TASK PROMPT: Every line below from the one with "G300 Cartolina Provincia" through the one with "Collectif d'auteurs Šmoula" should be retyped exactly, both ends included; no other lines and no pictures.

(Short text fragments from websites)

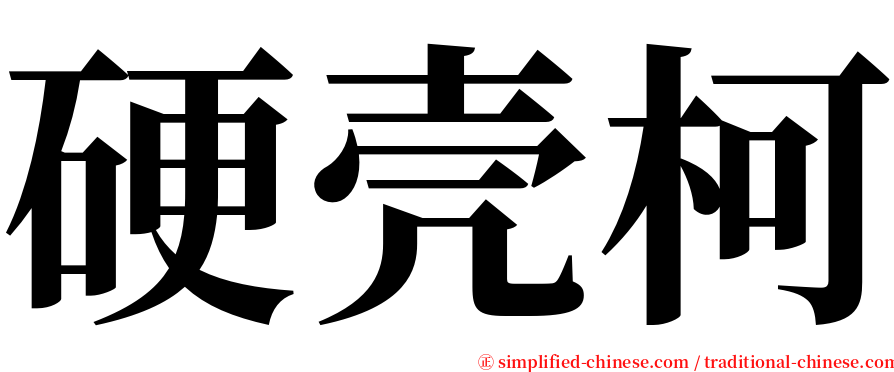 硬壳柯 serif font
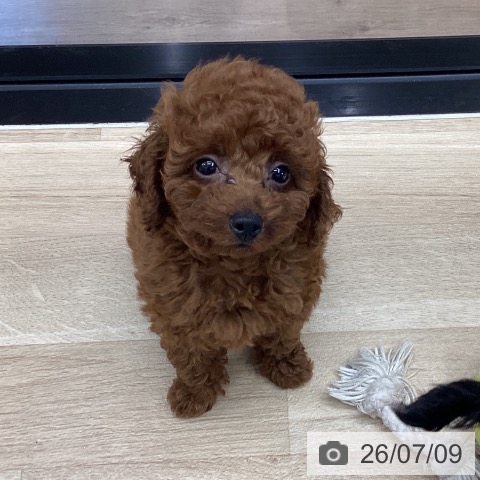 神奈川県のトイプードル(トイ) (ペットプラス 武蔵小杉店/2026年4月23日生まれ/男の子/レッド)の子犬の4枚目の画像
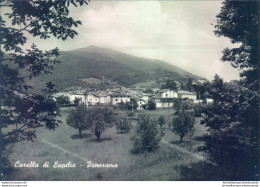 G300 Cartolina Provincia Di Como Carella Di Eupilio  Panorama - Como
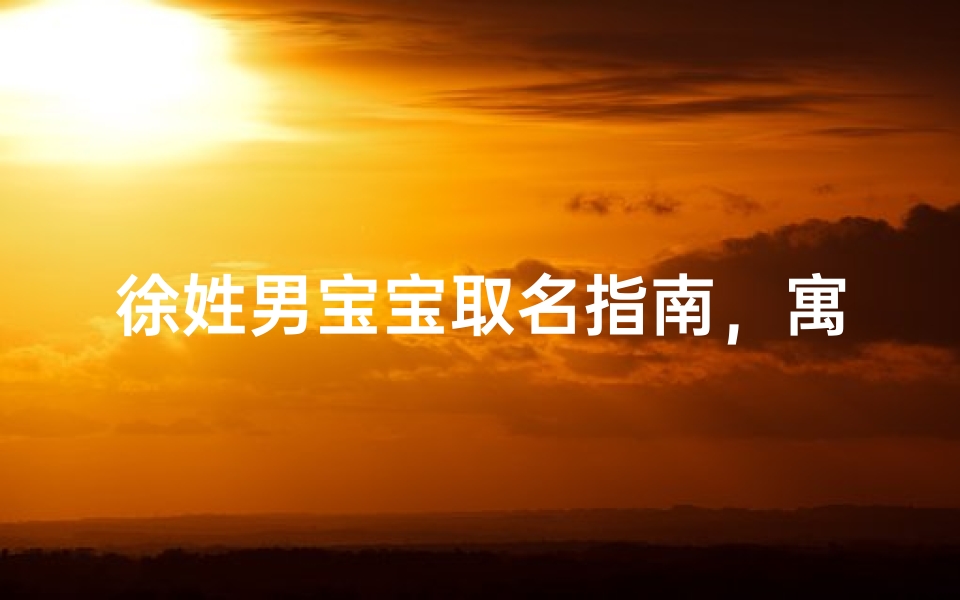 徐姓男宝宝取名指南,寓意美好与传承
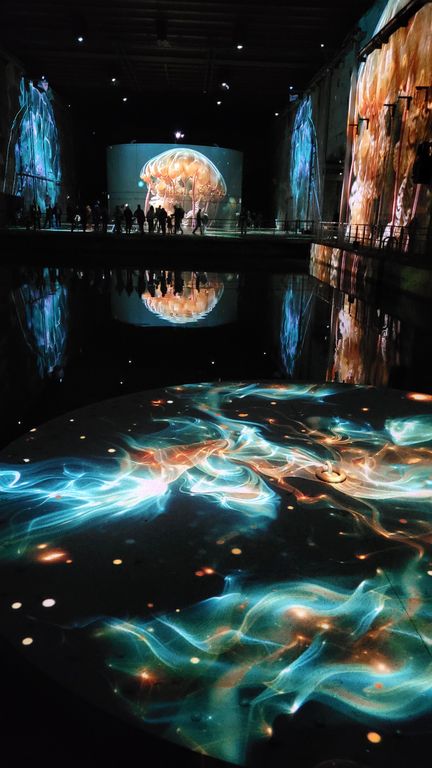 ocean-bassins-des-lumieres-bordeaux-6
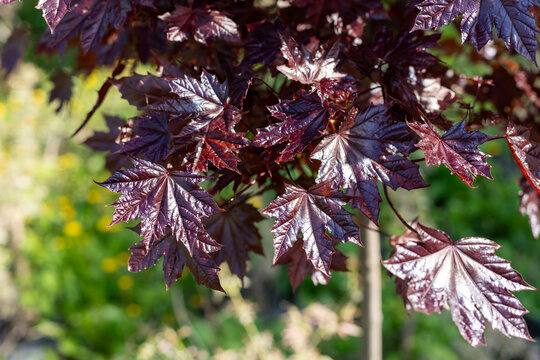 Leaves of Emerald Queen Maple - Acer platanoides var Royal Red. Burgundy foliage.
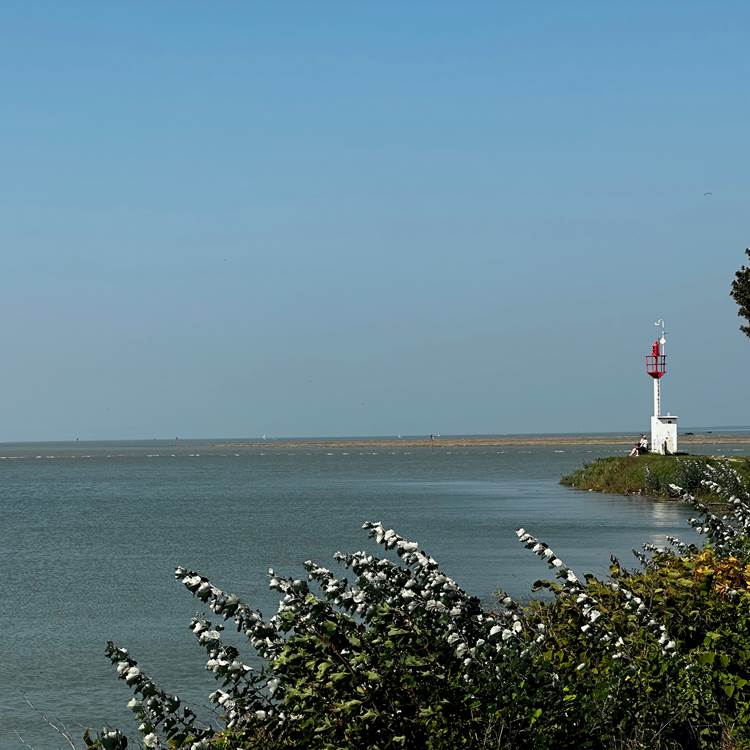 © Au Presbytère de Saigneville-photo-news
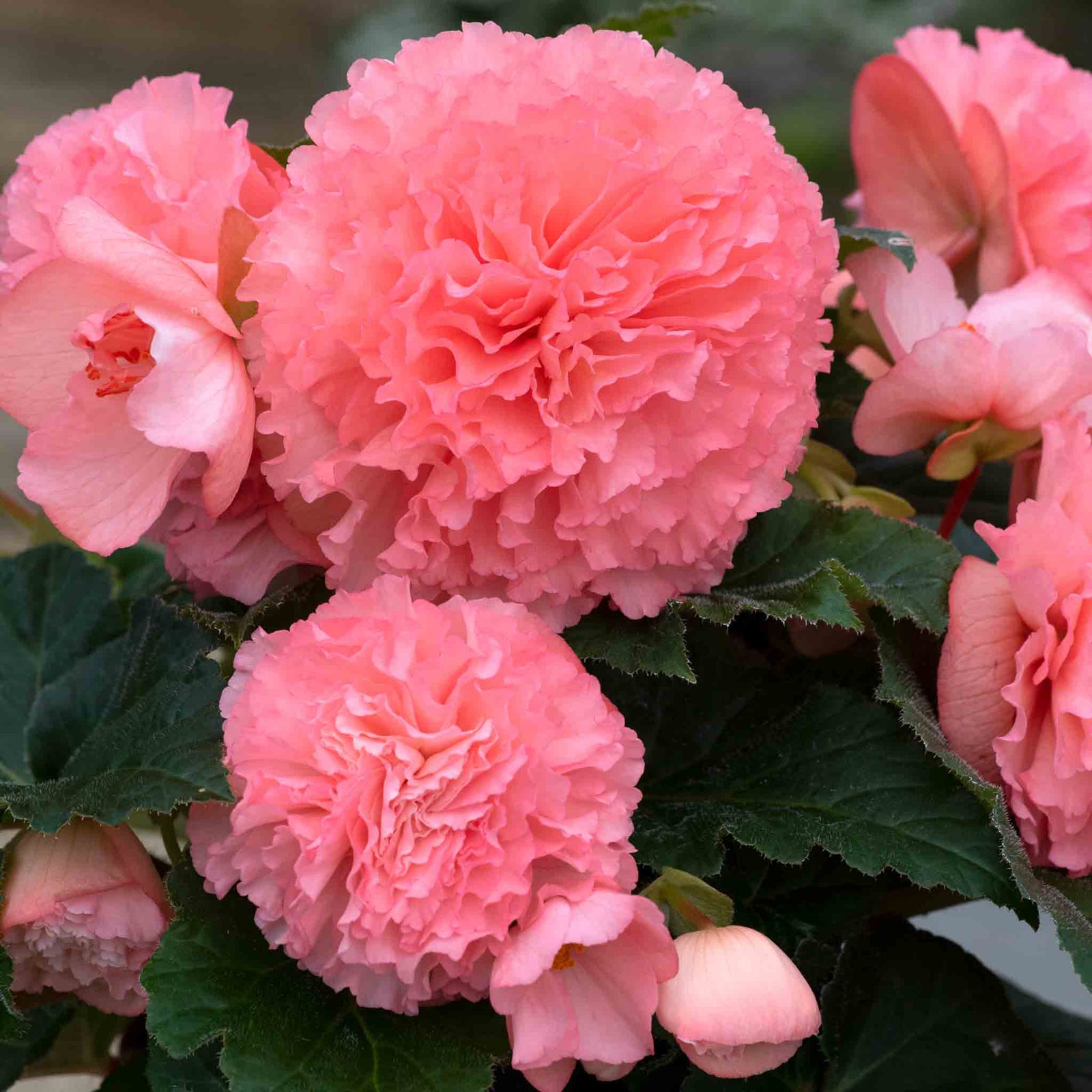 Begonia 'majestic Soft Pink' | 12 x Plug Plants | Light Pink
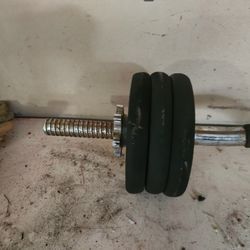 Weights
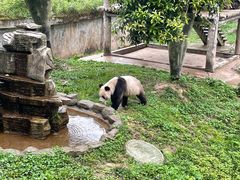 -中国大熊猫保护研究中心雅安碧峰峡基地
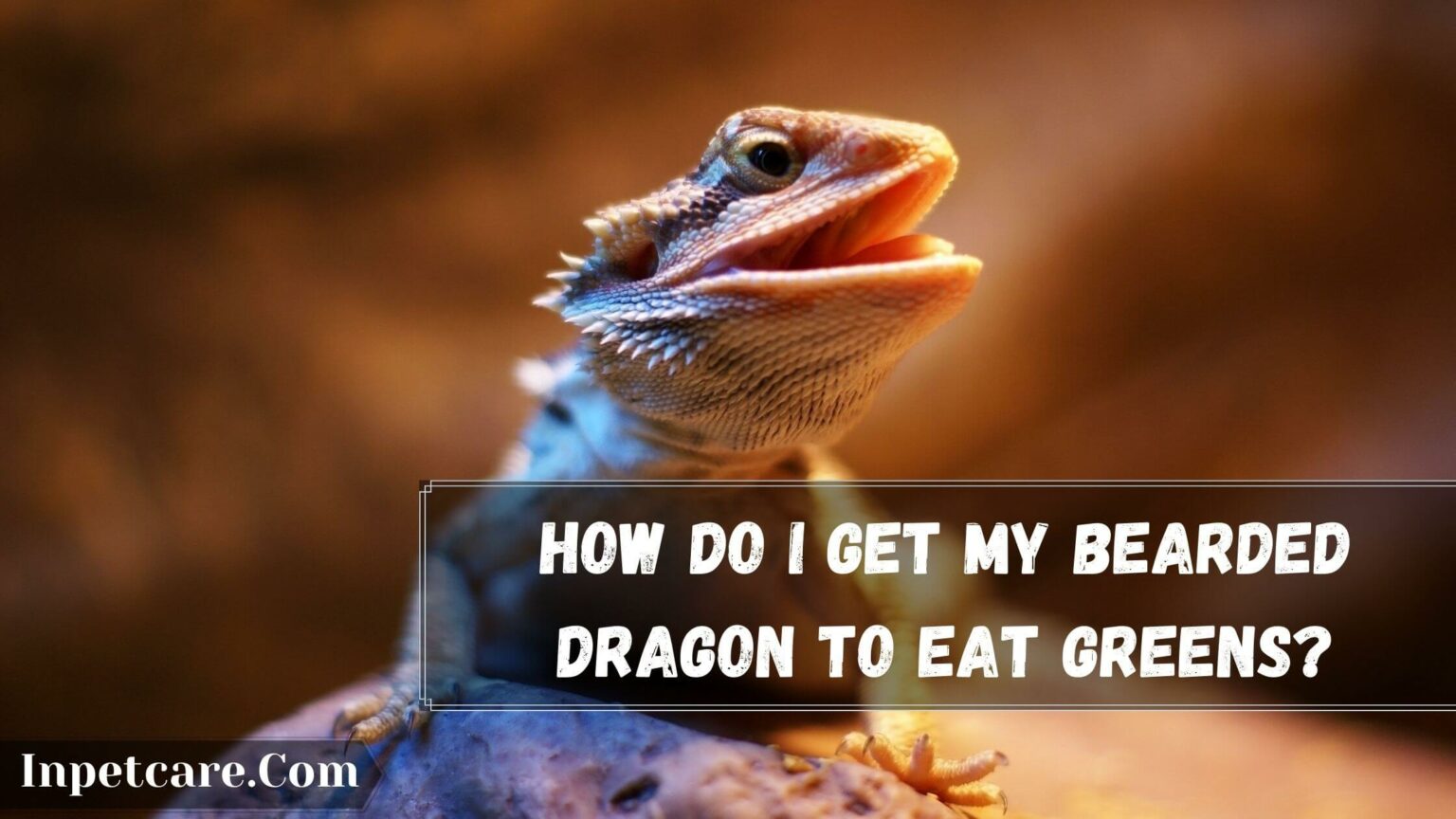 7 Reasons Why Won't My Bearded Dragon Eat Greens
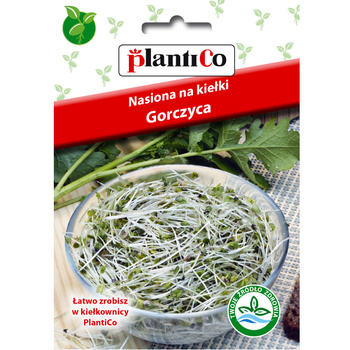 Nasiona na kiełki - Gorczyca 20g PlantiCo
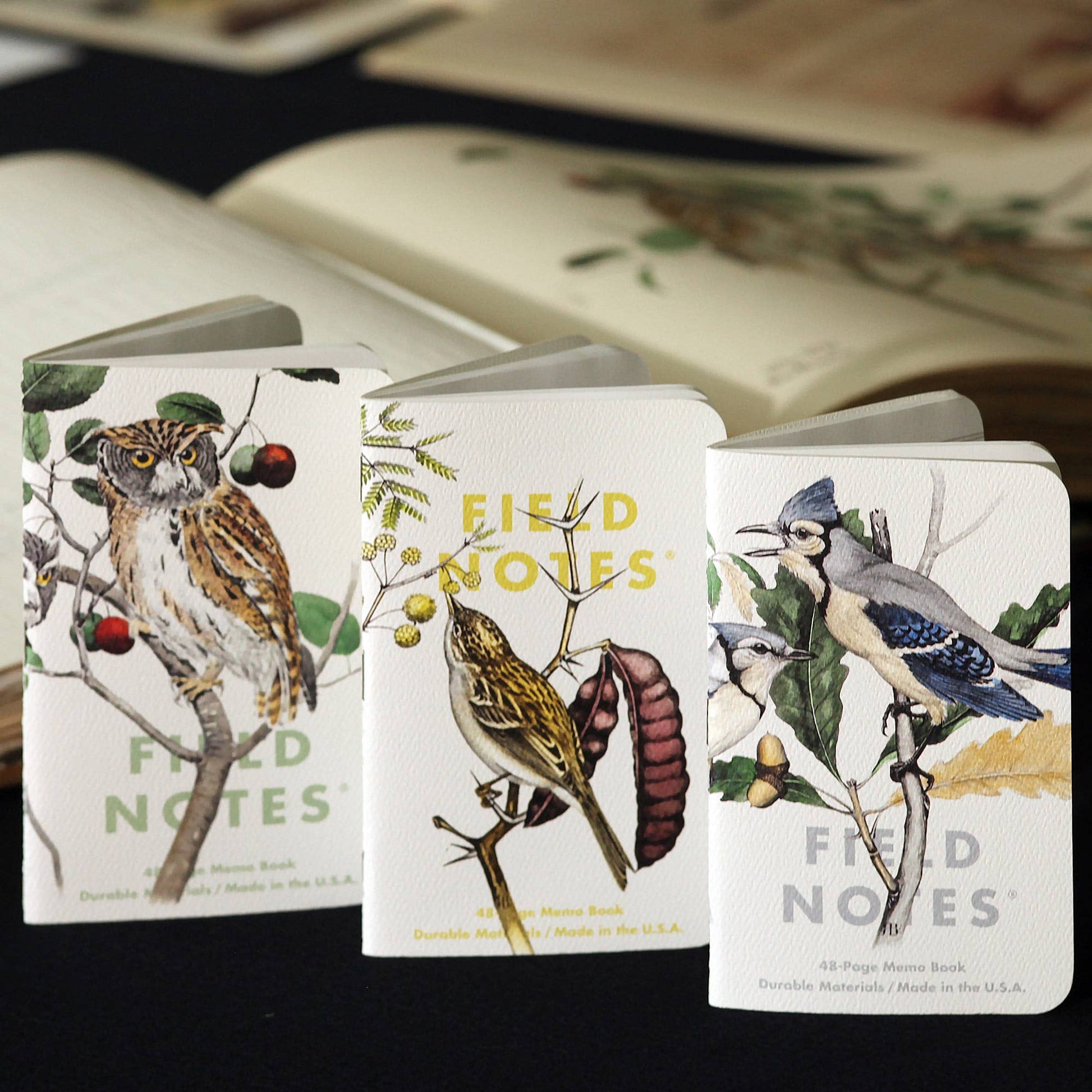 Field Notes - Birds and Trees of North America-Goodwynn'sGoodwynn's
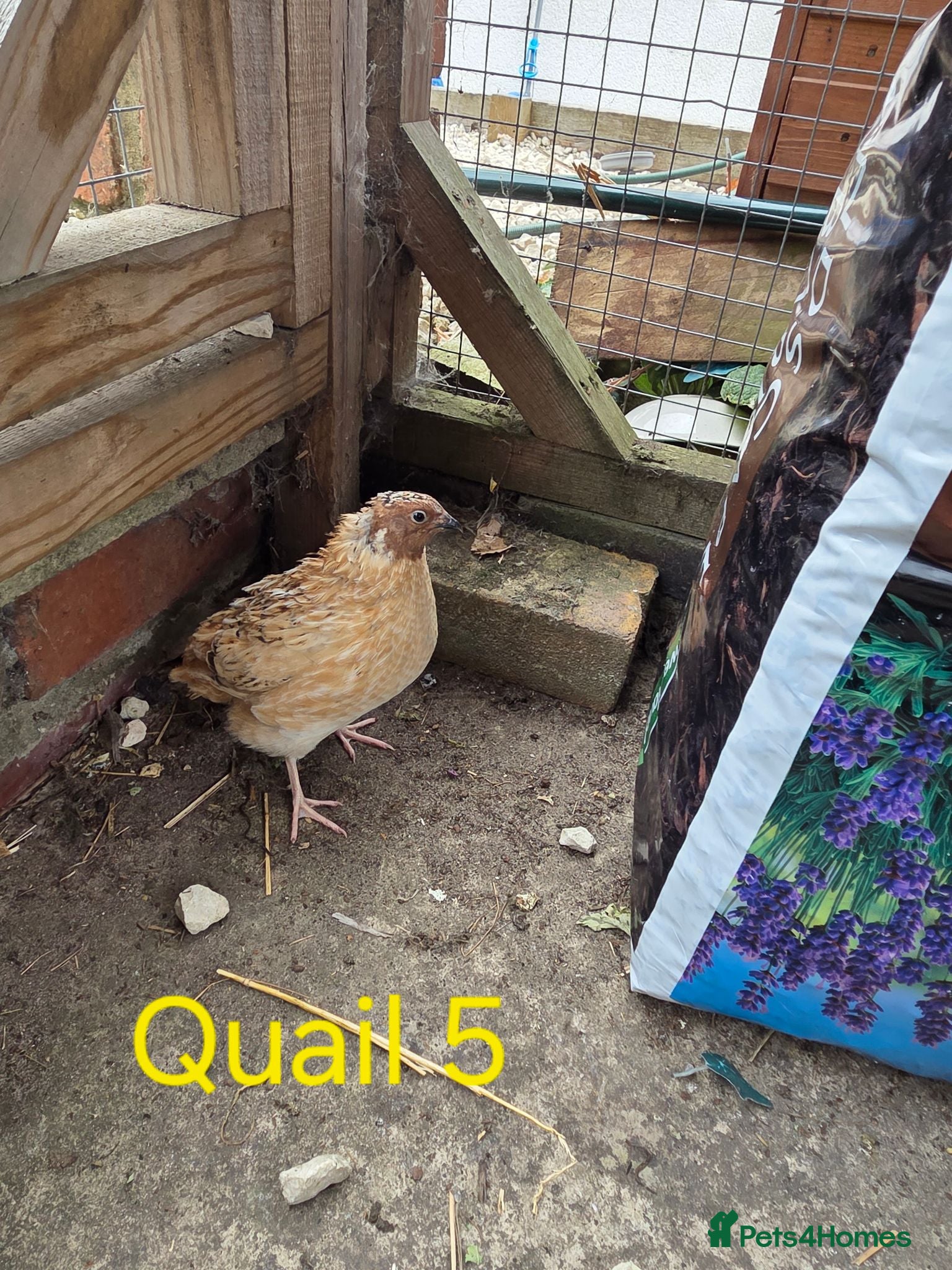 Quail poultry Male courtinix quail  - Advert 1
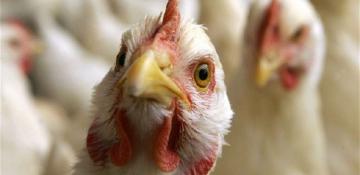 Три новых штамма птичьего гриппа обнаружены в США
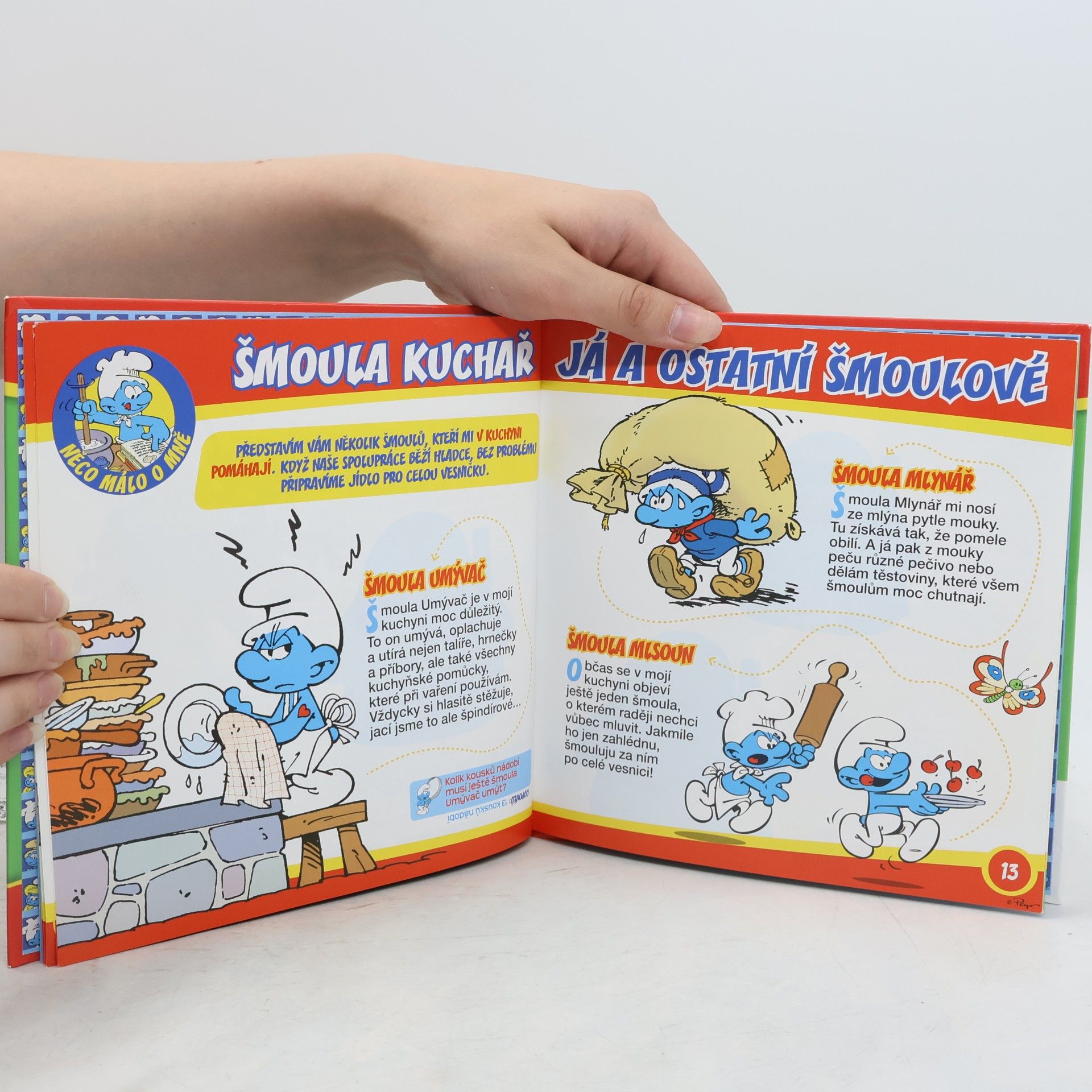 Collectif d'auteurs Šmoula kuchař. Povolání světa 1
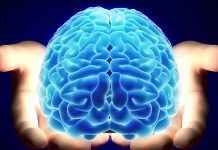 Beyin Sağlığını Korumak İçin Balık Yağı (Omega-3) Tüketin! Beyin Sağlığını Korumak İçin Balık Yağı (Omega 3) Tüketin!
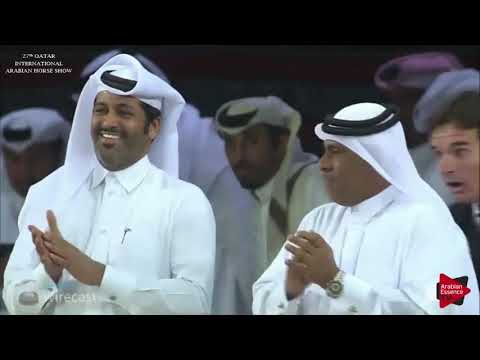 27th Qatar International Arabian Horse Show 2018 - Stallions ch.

COMPLETED EXERCISE:
 G300 Cartolina Provincia Di Como Carella Di Eupilio  Panorama - Como
 徐姓男宝宝取名指南,寓意美好与传承
 ocean-bassins-des-lumieres-bordeaux-6
 Leaves of Emerald Queen Maple - Acer platanoides var Royal Red. Burgundy foliage.
 © Au Presbytère de Saigneville-photo-news
 Begonia 'majestic Soft Pink' | 12 x Plug Plants | Light Pink
 Weights
 -中国大熊猫保护研究中心雅安碧峰峡基地
 7 Reasons Why Won't My Bearded Dragon Eat Greens
 Nasiona na kiełki - Gorczyca 20g PlantiCo
 Field Notes - Birds and Trees of North America-Goodwynn'sGoodwynn's
 Quail poultry Male courtinix quail  - Advert 1
 Три новых штамма птичьего гриппа обнаружены в США
 Collectif d'auteurs Šmoula kuchař. Povolání světa 1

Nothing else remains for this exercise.